But now that SJW have eradicated their most important symbol of racism from the South by exiling the confederate battle flag from public consciousness, they continue their march to deconstruct history for the sake of future generations of Utopian leftist.
The same progressives that insist on removal of civil war memorials in Louisiana may have found the next historical atrocity to expunge from the record, a symbol of French kings, and the very symbol that identifies a state and it's own history going back to before the founding of the United States, the Fleur de lis.
WWLTV - New Orleans:
"The fleur de lis is a symbol that is deeply ingrained in Louisiana's history. Seen in architecture, the state flag and on the helmets of the Saints, it's everywhere. But while it is now seen as the mark of our great state, it was once used to mark slaves.
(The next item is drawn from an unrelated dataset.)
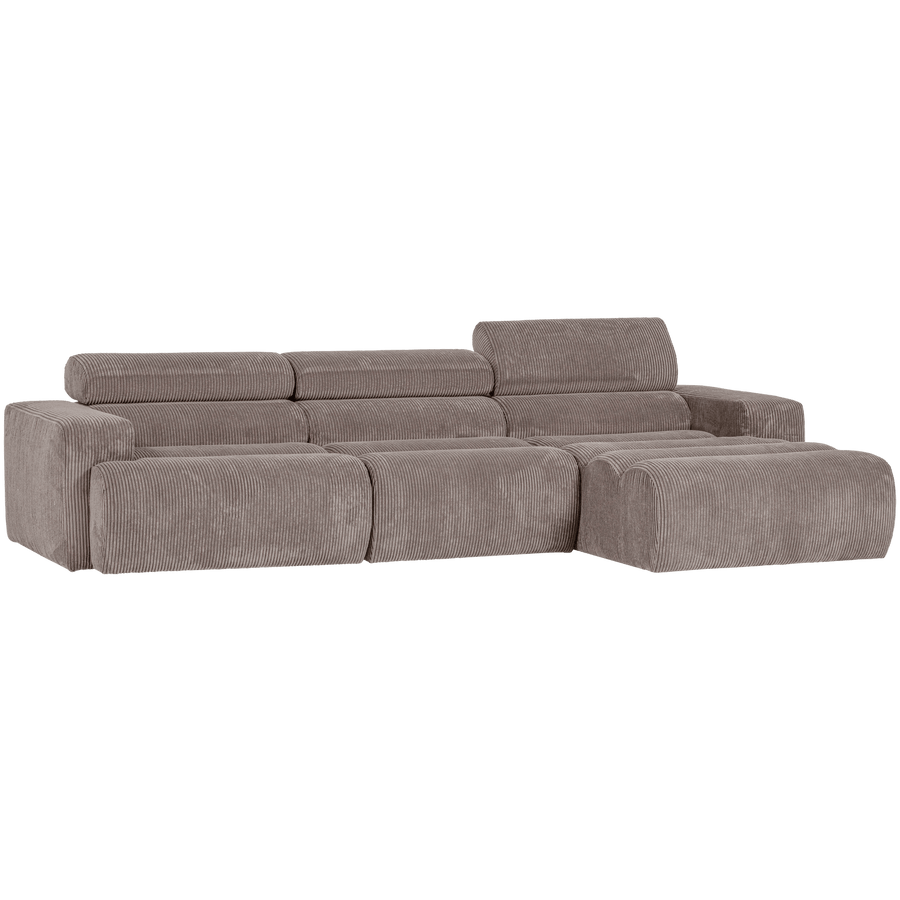 NOVI CHAISE LONGUE BANK RECHTS RIBSTOF ZAND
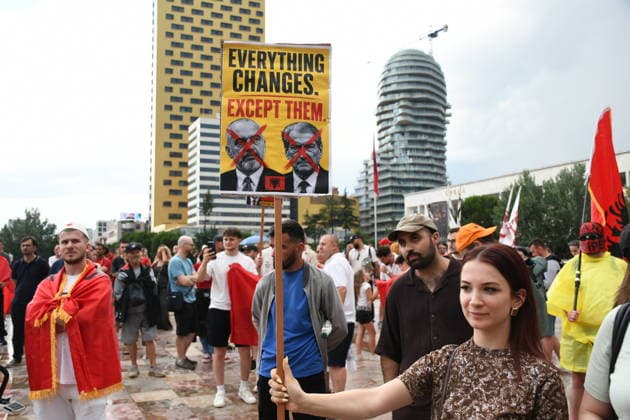 Demonstrations over controversial Vlora tourism project enter 25th day in Tirana TIRANA, ALBANIA - JUNE 24: Protesters gather at Skanderbeg Square despite the rain on the 25th day of demonstrations against a planned tourism development project in the Zvernec region of Vlora, holding banners with the slogan Albania is not for sale in Tirana, Albania on June 24, 2026. Olsi Shehu Anadolu Tirana World. Editorial use only. Please get in touch for any other usage.  Copyright: x2026xAnadoluxOlsixShehux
"Code noir, those words are French and mean black code," said slave historian Dr. Ibrahima Seck. The black code was a set of regulations adopted in Louisiana in 1724 from other French colonies around the world, meant to govern the state's slave population. Seck said those rules included branding slaves with the fleur de lis as punishment for running away.
"He would be taken before a court and the sentence would be being branded on one shoulder and with the fleur de lis, and then they would crop their ears," Seck said.
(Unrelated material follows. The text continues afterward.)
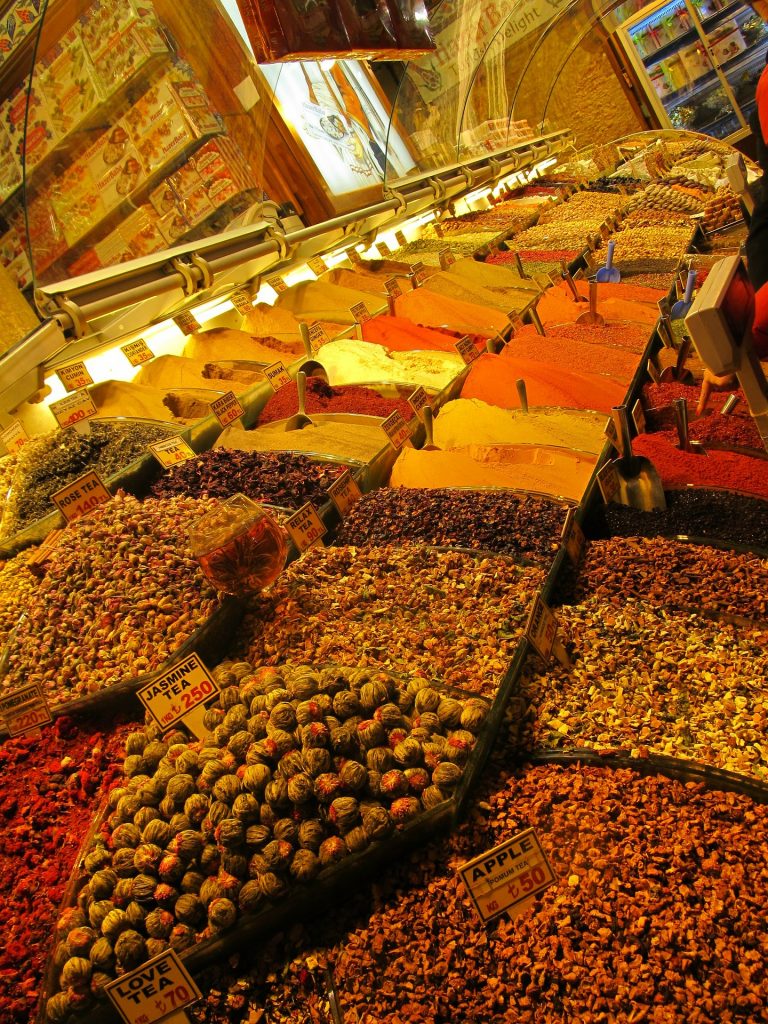 Spices at the Bazaar in Istanbul Turkey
Tulane history professor Terence Fitzmorris said the fleur de lis has roots in the French revolution and, similar to other symbols, was used as a mark of supremacy.
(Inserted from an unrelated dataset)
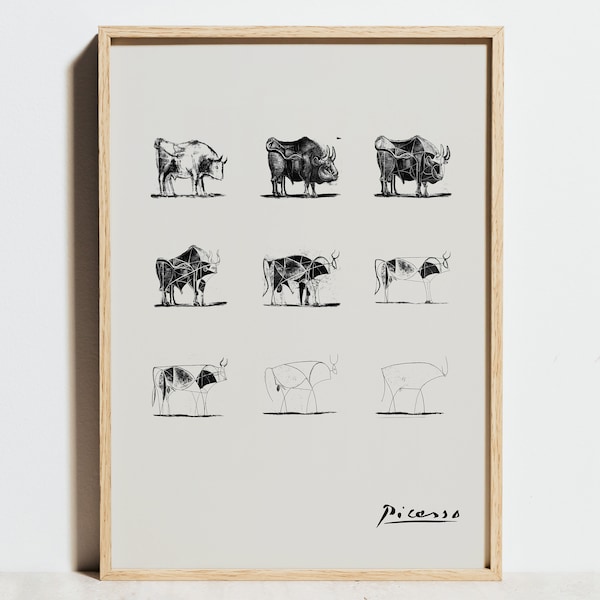 Pablo Picasso Druck Die Bullen Linie Zeichnung Lithographie, Schwarz Weiß Ausstellung Poster, Moderne Minimalistische Wand Kunst Dekor, Geschenkidee Mann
"It was a brutal way of scarring someone and also identifying someone as a particular troublemaker," Fitzmorris said.
Knowing the symbol has that dark history, should it be compared to the likes of the confederate flag? Fitzmorris said no.
"The fleur de lis was the symbol of a monarchy. The United States of America was a slave-holding republic, not just the south.
Where do you stop? Do you get rid of all symbols?"It's unfortunate that the fleur de lis was used in such a manner, We cannot change that. One part of me hopes the progressives continue their tirade against history, good or bad as they see it, and repeat the mistakes history tells us they made in the sixties, when sensible people rebelled and rejected the overbearing leftist rabble in the streets and took back their country in 1968 and 1972, and then again in 1980.